Like lilkitty said: It's a gender thing. It's meant to be Grulla = female. Grullo = male. And it's pronounced Grew-ya and grew-yo.


----------



## bubba13 (Jan 6, 2007)

Fun fact:

The color is named after these guys.


----------



## KawaiiCharlie (Nov 17, 2010)

Im from the uk and as far as ive heard, everyone over here pronounces it like Gruh-lah or gruh-loh... not that its a common colour over here. but theres a couple of grullas/grullos in a dealers field near me. poor things have just been left in the muddy field all winter only getting a bail of hay between about 20 - 30 horses every now and then. a few of them have rugs on but theyre ripped and hanging off, im pretty sure some of them are stallions & most are mares & clearly some are in foal. a few have real bad rain rot & they all look so depressed. if i could afford it, id buy them all & give them better homes </3


----------



## hflmusicislife (Dec 15, 2010)

Thanks everyone for clearing that up for me 
KC- That's terrible!
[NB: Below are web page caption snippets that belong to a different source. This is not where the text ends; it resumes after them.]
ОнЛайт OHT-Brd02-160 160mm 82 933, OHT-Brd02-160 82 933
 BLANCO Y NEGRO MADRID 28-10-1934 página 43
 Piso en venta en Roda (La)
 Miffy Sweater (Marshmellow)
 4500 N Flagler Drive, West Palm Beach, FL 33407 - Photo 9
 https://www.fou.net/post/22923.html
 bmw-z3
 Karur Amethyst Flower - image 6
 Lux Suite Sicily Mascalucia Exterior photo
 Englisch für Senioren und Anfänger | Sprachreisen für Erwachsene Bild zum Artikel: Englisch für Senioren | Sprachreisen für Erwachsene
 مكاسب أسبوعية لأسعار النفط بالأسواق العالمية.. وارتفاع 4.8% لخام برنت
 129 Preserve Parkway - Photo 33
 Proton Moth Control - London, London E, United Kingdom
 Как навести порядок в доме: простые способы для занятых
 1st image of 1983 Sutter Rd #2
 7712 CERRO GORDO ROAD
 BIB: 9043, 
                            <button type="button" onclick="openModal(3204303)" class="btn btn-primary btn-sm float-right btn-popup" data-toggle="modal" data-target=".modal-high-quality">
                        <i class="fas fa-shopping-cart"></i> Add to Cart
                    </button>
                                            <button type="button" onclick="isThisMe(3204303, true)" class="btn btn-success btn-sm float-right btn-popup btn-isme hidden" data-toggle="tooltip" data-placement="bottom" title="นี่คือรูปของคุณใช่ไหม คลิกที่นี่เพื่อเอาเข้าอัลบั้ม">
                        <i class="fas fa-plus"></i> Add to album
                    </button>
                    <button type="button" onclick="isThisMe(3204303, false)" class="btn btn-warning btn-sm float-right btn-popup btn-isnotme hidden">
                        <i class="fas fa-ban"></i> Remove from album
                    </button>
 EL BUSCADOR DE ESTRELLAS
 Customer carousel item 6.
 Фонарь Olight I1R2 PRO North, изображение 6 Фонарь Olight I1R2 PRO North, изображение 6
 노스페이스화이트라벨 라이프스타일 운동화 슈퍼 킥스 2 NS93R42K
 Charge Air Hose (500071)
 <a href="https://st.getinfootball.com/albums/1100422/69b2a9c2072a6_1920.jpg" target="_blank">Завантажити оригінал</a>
There was a couple horses at this barn right near a place I used to board at that sounds similar. They only had 4 or 5 horses, but they were all in a paddock that was probably about half an acre and they were skin and bones. People used to throw hay in for them when they knew the owners weren't around because the horses were so hungry they were eating the bark off the trees.... It amazes me how cruel some people can be.


----------